(June 3, 2018, 7:15 p.m.) -- LBREPORT.com recalls below the action of a courageous Chinese radio journalist that aired 29 years ago -- June 3, 1989 at 9 p.m. PDT [June 4 noon Beijing time.] In our opinion, this man is the audio counterpart to the visually iconic Tiananmen Square "Tankman."
Hours earlier, I watched CNN's live coverage of the regime's violent suppresion of its citizens' call for democracy at Beijing's Tiananmen Square. I wanted to document how that repressive one-Party state would try to justify its actions to the world. This was before the days of the internet and the way to learn this directly was via old-school shortwave radio. [Scroll down for further.] |
I had a multi-band radio with a shortwave band.
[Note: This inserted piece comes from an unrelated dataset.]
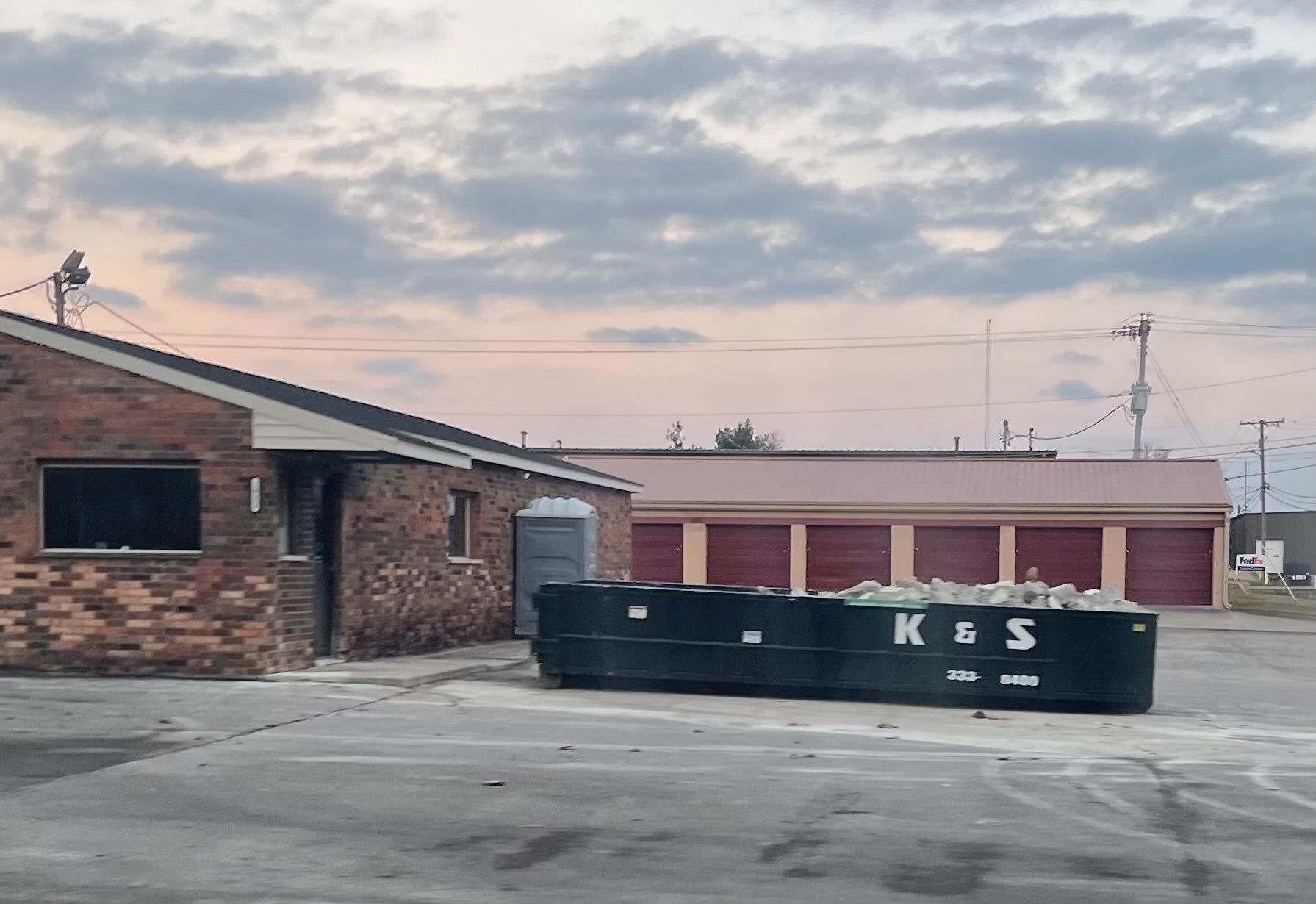 A large green dumpster is parked in front of a store called a center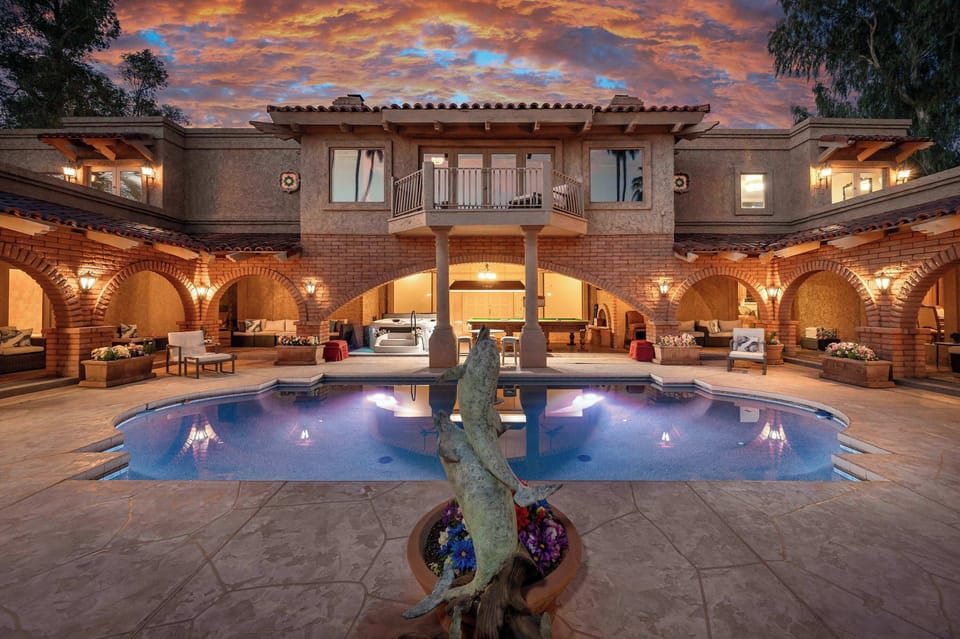 Seven person Jacuzzi and snooker table that is three times bigger than a pool table in a lighted courtyard with 52 light fixtures, heated LED lit Roman pool and Grecian columns.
I stretched a simple wire antenna across the ceiling of the second story apartment (wood frame and high enough) that I shared with my then-girlfriend/now wife. I checked with local radio hobbyists and learned where to find Radio Beijing's nightly English language program beamed to North America. Fortunately, my radio had an audio output jack that matched the input jack of my small magnetic tape audio cassette recorder. I had no idea that what I captured would become historically significant. Two weeks earlier, the regime had placed Beijing under martial law, after large crowds called for democracy, constructed a homegrown "Goddess of Democracy" and began quoting Thomas Jefferson instead of Mao Zedong. Armed troops were almost certainly in or around the government broadcast facilities. On the night of June 3rd and lasting until dawn June 4, armed troops rolled into Tiananmen Square, tore down the Goddess of Democracy and shot, wounded and killed (in some cases crushing under tanks and motorized vehicles) those who resisted or were in the way. The broadcaster knew that among those killed were his some of co-workers at Radio Beijing. Try to imagine what must have gone through his mind in terms of the consequences he surely realized he could face for speaking the words you'll hear him speak below: One technical note: shortwave radio travels great distances by bouncing off the ionosphere, an irregular layer of charged particles that, if conditions are just right, refracts the radio waves back to Earth on often slightly differing paths. That's the reason for the fading and phase distortion. The rest is exactly how it was received in the 25 meter shortwave band that night in a southern suburb near Los Angeles. This is Radio Beijing. Please remember June the third, 1989. The most tragic event happened in the Chinese capital, Beijing. Like the Tiananmen "Tankman," this man's identity and fate remain uncertain. We've seen conflicting accounts as to who he is and what happened to him. Twenty-nine years later, it remains for journalists worldwide to remember him, to find out his name [reports differ], to learn what happened to him [reports also differ] and if he is alive to speak with him, so he can be honored for his historic, courageous and principled action.